I just read your post about being angry, I am hoping that you mad it thru the day fine. You sound like a very strong person.
I have been having a lot of those days lately, and think that this group and book will be a great help.

We all got to the dark place in our lives that mad us take a long hard look at ourselves, differently and we all will come out of the dark at differently and at a different pace.

Unfortunately there will also always be those that don't like change and will do what they can to stop from having change happen around them. Some people are jealous that you are able to do what you have done, remember it takes a strong person to go thru what we have done, it is not for the faint of heart.

good luck,
Kim

Lacres81

          
happylapbander
on 1/28/10 8:46 pm - Fort Walton Beach, FL
Sad but true - Life isn't fair.  Think on these - you can come here and vent and be understood and accepted - just as you are, you can walk, you can breathe unassisted, you can think well, you can talk, you can get out of bed, you can control your movements, you can drive, you can chose what you want to do (as opposed to being in prison where you have very few choices) - so there are a great array of things we can do that, if we will only stop and think, are much more precious than being able to pig out and not gain.  (And, truth be known, very very very few thin people can even hold a candle to our food consumption when we dedicate ourselves to pigging out!!!!!! - and they don't do it for days and days and days like we have been known to do in the past)
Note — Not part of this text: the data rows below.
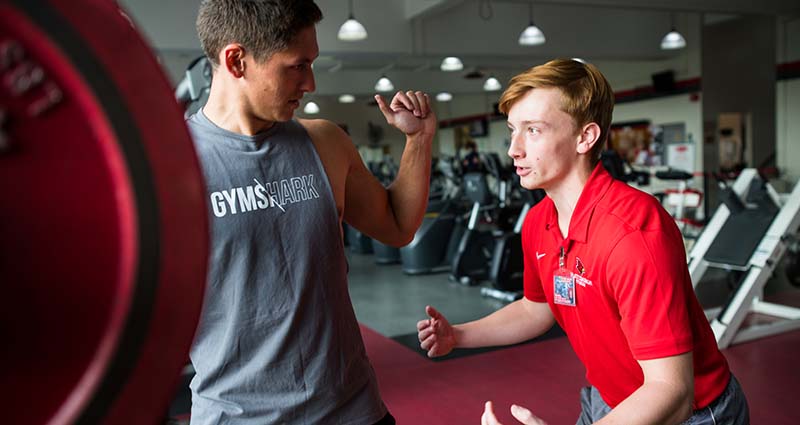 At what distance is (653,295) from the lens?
53.4 inches

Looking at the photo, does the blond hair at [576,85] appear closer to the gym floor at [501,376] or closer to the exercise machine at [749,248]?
the gym floor at [501,376]

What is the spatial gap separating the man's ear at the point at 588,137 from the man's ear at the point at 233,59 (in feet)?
2.74

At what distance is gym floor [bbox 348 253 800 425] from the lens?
3.90m

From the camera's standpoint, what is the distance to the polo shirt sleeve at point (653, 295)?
134 centimetres

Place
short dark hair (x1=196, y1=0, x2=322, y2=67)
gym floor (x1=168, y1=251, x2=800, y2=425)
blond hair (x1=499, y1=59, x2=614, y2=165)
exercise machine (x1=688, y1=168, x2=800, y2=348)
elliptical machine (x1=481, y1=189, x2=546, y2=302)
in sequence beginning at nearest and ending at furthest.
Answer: short dark hair (x1=196, y1=0, x2=322, y2=67) < blond hair (x1=499, y1=59, x2=614, y2=165) < gym floor (x1=168, y1=251, x2=800, y2=425) < exercise machine (x1=688, y1=168, x2=800, y2=348) < elliptical machine (x1=481, y1=189, x2=546, y2=302)

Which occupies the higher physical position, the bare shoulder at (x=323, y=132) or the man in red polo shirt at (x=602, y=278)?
the bare shoulder at (x=323, y=132)

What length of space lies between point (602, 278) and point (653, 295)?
0.47 feet

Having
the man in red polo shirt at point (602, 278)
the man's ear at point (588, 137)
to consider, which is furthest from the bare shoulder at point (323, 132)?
the man's ear at point (588, 137)

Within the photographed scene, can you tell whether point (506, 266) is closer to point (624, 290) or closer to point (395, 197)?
point (395, 197)

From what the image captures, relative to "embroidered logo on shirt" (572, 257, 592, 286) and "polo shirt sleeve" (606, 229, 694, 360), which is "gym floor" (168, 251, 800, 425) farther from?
"polo shirt sleeve" (606, 229, 694, 360)

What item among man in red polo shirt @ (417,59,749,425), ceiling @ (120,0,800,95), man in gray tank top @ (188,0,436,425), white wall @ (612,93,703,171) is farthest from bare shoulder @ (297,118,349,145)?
white wall @ (612,93,703,171)

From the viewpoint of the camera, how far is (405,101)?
159cm

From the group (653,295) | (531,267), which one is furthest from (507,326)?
(653,295)

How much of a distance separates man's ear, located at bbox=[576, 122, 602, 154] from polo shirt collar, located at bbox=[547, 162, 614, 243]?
7cm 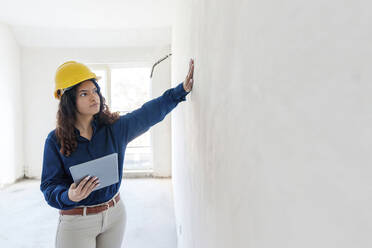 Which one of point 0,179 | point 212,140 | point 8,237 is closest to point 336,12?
point 212,140

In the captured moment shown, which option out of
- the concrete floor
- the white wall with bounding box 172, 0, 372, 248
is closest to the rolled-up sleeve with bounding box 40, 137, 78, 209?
the white wall with bounding box 172, 0, 372, 248

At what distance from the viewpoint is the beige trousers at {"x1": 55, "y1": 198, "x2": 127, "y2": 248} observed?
1328 millimetres

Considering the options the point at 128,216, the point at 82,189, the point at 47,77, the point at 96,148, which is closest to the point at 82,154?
the point at 96,148

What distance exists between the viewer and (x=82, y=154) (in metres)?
1.35

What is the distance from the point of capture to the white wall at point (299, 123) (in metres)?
0.20

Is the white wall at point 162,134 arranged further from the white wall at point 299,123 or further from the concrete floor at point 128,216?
the white wall at point 299,123

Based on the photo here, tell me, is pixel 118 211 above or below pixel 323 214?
below

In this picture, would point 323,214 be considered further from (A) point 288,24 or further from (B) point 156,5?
(B) point 156,5

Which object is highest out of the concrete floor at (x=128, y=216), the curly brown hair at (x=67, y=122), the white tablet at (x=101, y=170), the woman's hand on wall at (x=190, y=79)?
the woman's hand on wall at (x=190, y=79)

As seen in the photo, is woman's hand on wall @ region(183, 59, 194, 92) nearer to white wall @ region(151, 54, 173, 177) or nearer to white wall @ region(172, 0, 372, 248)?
white wall @ region(172, 0, 372, 248)

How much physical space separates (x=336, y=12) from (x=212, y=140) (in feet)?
1.93

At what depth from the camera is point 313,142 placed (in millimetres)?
254

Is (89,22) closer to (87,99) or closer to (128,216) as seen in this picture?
(128,216)

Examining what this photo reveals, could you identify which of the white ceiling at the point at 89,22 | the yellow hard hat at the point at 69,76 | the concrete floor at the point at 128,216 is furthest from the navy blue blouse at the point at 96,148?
the white ceiling at the point at 89,22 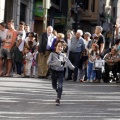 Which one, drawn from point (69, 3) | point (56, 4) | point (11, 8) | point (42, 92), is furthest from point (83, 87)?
point (69, 3)

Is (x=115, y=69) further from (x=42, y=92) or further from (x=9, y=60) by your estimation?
(x=42, y=92)

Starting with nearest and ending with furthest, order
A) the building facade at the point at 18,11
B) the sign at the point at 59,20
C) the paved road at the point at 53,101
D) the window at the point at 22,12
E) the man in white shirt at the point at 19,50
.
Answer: the paved road at the point at 53,101
the man in white shirt at the point at 19,50
the building facade at the point at 18,11
the window at the point at 22,12
the sign at the point at 59,20

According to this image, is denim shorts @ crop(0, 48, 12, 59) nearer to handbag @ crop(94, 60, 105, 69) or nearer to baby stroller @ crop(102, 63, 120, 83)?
handbag @ crop(94, 60, 105, 69)

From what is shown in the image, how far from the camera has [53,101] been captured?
Result: 14.3 m

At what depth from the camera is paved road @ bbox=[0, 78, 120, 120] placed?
11.8 metres

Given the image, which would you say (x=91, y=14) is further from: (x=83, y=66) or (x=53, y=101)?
(x=53, y=101)

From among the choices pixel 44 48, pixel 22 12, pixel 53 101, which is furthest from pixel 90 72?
pixel 22 12

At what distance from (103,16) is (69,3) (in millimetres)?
15103

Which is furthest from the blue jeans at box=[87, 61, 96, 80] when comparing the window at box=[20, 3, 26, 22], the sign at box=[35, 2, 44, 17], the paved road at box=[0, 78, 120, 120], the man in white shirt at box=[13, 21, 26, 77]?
the sign at box=[35, 2, 44, 17]

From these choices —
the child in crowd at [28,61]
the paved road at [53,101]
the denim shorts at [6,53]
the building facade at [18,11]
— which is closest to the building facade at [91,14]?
the building facade at [18,11]

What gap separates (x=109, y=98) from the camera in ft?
50.1

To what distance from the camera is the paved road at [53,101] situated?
11836 millimetres

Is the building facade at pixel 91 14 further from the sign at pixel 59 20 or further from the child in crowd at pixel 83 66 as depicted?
the child in crowd at pixel 83 66

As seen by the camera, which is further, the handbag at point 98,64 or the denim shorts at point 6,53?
the denim shorts at point 6,53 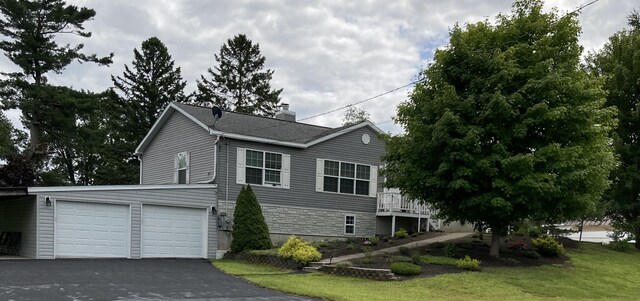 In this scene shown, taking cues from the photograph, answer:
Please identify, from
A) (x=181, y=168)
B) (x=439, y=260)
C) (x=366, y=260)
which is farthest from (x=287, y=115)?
(x=439, y=260)

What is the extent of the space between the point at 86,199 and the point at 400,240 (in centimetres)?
1188

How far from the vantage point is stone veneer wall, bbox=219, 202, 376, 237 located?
71.4 ft

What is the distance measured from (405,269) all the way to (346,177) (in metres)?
9.52

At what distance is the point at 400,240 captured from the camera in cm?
2177

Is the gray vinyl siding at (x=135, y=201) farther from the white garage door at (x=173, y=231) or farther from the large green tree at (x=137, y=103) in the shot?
the large green tree at (x=137, y=103)

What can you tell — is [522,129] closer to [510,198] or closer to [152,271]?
[510,198]

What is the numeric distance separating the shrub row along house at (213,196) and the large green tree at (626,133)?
28.5 feet

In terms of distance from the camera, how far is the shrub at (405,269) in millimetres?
14586

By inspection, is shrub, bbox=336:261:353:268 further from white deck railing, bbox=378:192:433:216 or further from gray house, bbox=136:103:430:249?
white deck railing, bbox=378:192:433:216

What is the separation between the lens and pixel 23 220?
1877 centimetres

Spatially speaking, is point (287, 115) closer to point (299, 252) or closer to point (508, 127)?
point (299, 252)

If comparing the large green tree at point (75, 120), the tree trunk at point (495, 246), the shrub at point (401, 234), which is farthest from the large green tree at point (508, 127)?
the large green tree at point (75, 120)

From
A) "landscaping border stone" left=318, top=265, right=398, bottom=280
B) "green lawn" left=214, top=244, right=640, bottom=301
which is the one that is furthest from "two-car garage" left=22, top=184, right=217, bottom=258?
"landscaping border stone" left=318, top=265, right=398, bottom=280

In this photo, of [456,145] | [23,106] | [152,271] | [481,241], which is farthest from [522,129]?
[23,106] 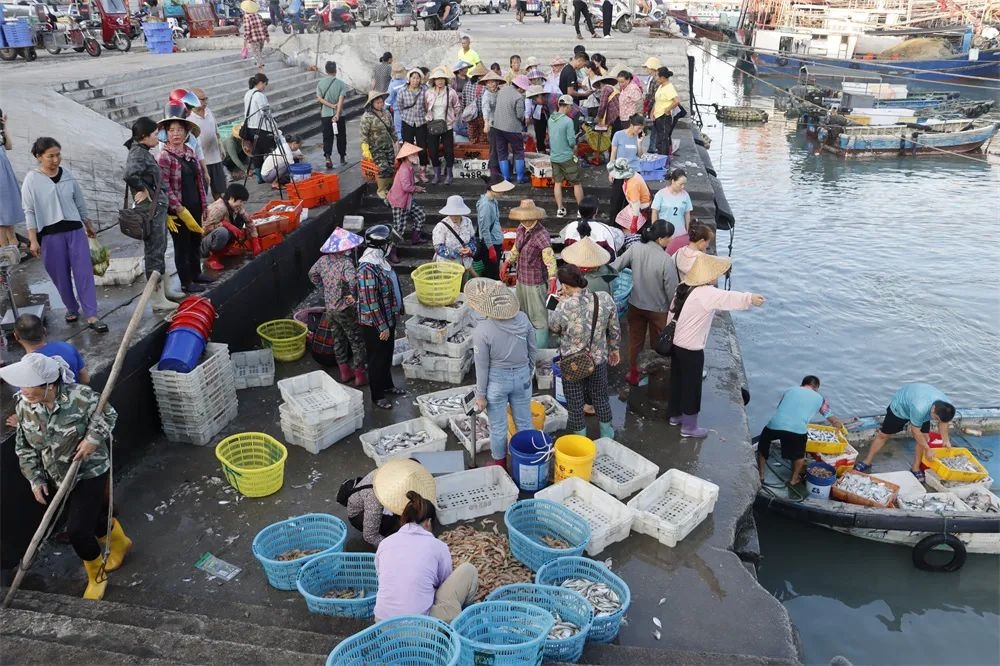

Sure, some days I get angry at the food gods because they seem to have it out for me - I'm a human being.  But, it's all between our ears - THINK - if we will only stop and think of the things we can do instead of the things we can't do we will be so much happier.  Do I do it everytime - get real!!!! - of course not, but every time I do stop and think it makes it that much more likely I will do it the next time I need to.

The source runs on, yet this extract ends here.